A comprehensive overview of deep learning models for object detection from videos/images
- URL: http://arxiv.org/abs/2601.14677v1
- Date: Wed, 21 Jan 2026 05:50:21 GMT
- Title: A comprehensive overview of deep learning models for object detection from videos/images
- Authors: Sukana Zulfqar, Sadia Saeed, M. Azam Zia, Anjum Ali, Faisal Mehmood, Abid Ali,
- Abstract summary: Object detection in video and image surveillance is a well-established yet rapidly influenced by recent deep learning advancements.<n>This review examines architectural innovations, generative model integration, and the use of temporal information to enhance robustness and accuracy.<n>The primary goal is to evaluate the current effectiveness of semantic object detection, while analysing deep learning models and their practical applications.
- Score: 0.0
- License: http://creativecommons.org/licenses/by/4.0/
- Abstract: Object detection in video and image surveillance is a well-established yet rapidly evolving task, strongly influenced by recent deep learning advancements.
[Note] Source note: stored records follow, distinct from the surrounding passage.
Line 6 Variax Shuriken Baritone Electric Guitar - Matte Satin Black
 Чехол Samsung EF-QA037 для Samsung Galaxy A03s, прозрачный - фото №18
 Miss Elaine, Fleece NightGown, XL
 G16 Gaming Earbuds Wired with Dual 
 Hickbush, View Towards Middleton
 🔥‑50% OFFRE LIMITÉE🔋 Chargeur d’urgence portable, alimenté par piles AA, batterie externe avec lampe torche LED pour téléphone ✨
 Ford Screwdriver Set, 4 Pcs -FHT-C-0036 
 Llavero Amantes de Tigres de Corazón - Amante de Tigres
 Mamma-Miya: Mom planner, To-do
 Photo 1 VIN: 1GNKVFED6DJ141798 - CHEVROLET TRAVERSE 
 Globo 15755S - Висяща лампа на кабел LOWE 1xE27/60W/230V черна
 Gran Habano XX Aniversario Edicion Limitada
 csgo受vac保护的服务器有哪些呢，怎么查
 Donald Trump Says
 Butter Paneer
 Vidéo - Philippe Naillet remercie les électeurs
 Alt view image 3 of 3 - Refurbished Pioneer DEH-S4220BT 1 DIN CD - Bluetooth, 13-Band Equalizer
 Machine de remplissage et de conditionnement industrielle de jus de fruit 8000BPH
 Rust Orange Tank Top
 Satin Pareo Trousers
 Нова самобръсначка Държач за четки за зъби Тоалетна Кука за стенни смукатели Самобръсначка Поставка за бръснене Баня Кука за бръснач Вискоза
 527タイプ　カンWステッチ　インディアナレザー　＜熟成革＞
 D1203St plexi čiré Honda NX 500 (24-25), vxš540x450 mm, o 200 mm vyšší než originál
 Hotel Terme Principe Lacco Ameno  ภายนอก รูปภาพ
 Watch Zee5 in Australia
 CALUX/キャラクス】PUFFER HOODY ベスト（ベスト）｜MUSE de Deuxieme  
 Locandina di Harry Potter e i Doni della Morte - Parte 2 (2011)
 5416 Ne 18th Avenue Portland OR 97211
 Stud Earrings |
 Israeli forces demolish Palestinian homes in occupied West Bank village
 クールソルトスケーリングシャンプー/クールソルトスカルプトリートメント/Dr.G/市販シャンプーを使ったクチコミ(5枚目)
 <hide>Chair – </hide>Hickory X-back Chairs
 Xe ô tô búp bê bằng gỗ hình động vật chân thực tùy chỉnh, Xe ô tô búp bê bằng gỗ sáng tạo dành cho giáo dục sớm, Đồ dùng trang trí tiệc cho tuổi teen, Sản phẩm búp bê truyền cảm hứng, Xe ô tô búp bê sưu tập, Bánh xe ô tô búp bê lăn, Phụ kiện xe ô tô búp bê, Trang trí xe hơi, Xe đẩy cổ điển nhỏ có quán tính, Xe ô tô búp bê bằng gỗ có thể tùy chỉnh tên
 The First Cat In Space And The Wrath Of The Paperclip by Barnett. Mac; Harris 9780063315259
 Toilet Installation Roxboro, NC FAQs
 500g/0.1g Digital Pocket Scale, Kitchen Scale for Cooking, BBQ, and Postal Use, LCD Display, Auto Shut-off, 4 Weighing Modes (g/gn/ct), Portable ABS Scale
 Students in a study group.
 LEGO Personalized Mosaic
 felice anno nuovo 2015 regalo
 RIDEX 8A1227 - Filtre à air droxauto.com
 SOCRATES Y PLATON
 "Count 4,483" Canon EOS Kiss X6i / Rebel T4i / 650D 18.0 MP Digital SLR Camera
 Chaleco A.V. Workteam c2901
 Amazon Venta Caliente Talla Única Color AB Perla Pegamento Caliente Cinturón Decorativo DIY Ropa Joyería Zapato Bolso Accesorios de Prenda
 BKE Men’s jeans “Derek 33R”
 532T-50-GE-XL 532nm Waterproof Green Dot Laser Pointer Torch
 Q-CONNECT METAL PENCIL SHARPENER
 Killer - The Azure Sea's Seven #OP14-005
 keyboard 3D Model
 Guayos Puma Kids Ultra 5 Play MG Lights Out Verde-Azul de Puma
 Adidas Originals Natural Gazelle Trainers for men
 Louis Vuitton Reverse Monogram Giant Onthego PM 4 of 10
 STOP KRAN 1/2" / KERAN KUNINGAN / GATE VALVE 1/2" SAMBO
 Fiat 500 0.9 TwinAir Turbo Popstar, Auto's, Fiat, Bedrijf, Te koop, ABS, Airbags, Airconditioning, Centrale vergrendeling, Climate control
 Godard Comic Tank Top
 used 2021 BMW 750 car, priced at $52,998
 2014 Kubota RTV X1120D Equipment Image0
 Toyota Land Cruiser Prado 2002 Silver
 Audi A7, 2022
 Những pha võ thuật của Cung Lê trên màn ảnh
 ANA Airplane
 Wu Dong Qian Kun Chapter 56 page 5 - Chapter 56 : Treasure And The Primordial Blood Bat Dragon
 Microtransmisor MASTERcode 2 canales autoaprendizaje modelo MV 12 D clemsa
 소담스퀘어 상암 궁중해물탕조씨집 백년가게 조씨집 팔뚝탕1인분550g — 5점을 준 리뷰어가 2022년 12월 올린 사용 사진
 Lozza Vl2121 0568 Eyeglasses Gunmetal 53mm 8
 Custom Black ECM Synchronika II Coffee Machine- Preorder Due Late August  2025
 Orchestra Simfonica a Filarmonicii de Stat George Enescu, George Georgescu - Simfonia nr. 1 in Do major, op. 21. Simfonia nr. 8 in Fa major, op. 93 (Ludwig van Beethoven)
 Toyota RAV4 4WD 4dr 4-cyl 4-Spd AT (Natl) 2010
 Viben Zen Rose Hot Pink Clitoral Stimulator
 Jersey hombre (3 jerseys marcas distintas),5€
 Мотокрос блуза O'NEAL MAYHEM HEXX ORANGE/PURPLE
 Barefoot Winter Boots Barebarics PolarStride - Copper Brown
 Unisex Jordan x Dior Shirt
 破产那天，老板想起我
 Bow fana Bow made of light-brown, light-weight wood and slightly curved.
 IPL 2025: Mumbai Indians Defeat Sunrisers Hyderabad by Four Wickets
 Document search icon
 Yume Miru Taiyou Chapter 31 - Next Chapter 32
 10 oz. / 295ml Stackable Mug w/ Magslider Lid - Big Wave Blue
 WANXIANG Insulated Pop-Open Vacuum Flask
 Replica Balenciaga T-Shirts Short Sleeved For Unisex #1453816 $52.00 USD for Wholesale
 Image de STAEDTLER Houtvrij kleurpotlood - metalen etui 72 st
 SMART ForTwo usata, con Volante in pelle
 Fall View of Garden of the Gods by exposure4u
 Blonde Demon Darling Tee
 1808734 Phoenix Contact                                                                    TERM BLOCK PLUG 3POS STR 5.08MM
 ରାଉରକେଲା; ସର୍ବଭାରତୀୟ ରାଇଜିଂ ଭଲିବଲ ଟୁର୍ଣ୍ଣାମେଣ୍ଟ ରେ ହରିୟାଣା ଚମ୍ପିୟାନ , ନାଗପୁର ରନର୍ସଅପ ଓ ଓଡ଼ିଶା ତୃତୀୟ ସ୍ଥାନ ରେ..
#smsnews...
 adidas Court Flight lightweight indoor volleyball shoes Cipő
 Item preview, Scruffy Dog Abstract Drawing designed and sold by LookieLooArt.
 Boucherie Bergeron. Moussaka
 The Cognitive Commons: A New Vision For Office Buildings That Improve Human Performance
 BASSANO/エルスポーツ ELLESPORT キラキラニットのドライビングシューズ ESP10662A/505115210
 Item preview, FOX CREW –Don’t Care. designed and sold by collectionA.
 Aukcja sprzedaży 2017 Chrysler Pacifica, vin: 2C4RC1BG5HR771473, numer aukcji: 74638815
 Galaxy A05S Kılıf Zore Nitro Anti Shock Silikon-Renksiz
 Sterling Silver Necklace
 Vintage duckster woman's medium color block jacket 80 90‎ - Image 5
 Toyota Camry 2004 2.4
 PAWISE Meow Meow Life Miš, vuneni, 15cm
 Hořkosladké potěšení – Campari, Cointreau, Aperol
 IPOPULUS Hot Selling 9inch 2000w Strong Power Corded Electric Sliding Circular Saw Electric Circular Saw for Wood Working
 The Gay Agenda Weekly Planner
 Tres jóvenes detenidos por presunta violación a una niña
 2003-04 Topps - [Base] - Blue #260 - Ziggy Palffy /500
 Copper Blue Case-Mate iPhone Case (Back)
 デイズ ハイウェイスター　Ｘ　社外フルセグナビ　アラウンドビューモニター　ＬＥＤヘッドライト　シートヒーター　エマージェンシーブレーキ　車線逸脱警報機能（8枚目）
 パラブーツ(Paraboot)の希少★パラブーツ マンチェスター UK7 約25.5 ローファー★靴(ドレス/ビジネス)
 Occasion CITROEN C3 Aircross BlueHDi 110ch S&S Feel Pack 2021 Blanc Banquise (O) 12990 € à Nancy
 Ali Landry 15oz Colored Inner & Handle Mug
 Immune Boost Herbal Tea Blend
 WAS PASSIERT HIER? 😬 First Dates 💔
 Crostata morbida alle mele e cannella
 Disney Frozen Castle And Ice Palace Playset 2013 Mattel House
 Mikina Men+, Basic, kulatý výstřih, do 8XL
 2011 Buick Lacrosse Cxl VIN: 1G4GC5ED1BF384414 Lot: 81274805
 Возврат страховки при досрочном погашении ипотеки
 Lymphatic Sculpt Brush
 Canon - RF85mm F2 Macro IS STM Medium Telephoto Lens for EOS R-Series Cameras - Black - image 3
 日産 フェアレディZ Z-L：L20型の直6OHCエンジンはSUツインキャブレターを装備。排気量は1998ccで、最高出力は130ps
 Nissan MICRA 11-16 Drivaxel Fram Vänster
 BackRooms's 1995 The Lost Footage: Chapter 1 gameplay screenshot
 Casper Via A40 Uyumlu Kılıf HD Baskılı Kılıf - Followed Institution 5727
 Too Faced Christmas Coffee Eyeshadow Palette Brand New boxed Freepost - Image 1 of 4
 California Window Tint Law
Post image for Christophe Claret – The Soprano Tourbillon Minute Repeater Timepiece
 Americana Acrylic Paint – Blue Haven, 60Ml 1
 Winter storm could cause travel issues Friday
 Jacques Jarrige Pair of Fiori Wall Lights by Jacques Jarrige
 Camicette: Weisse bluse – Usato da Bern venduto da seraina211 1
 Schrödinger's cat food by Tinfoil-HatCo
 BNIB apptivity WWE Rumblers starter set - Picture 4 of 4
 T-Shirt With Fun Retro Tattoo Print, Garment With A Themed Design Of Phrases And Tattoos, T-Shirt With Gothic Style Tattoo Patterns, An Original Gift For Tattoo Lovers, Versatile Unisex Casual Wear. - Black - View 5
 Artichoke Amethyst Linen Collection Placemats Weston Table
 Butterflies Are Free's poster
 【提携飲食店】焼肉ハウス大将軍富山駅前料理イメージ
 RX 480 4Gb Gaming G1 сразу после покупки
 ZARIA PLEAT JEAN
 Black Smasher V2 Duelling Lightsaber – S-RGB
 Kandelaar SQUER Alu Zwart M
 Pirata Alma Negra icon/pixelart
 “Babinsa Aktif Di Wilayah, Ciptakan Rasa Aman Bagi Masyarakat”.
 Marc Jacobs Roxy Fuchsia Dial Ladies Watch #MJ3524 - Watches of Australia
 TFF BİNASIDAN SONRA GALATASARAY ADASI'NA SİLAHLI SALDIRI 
This review summarises modern techniques by examining architectural innovations, generative model integration, and the use of temporal information to enhance robustness and accuracy. Unlike earlier surveys, it classifies methods based on core architectures, data processing strategies, and surveillance specific challenges such as dynamic environments, occlusions, lighting variations, and real-time requirements. The primary goal is to evaluate the current effectiveness of semantic object detection, while secondary aims include analysing deep learning models and their practical applications. The review covers CNN-based detectors, GAN-assisted approaches, and temporal fusion methods, highlighting how generative models support tasks such as reconstructing missing frames, reducing occlusions, and normalising illumination. It also outlines preprocessing pipelines, feature extraction progress, benchmarking datasets, and comparative evaluations. Finally, emerging trends in low-latency, efficient, and spatiotemporal learning approaches are identified for future research.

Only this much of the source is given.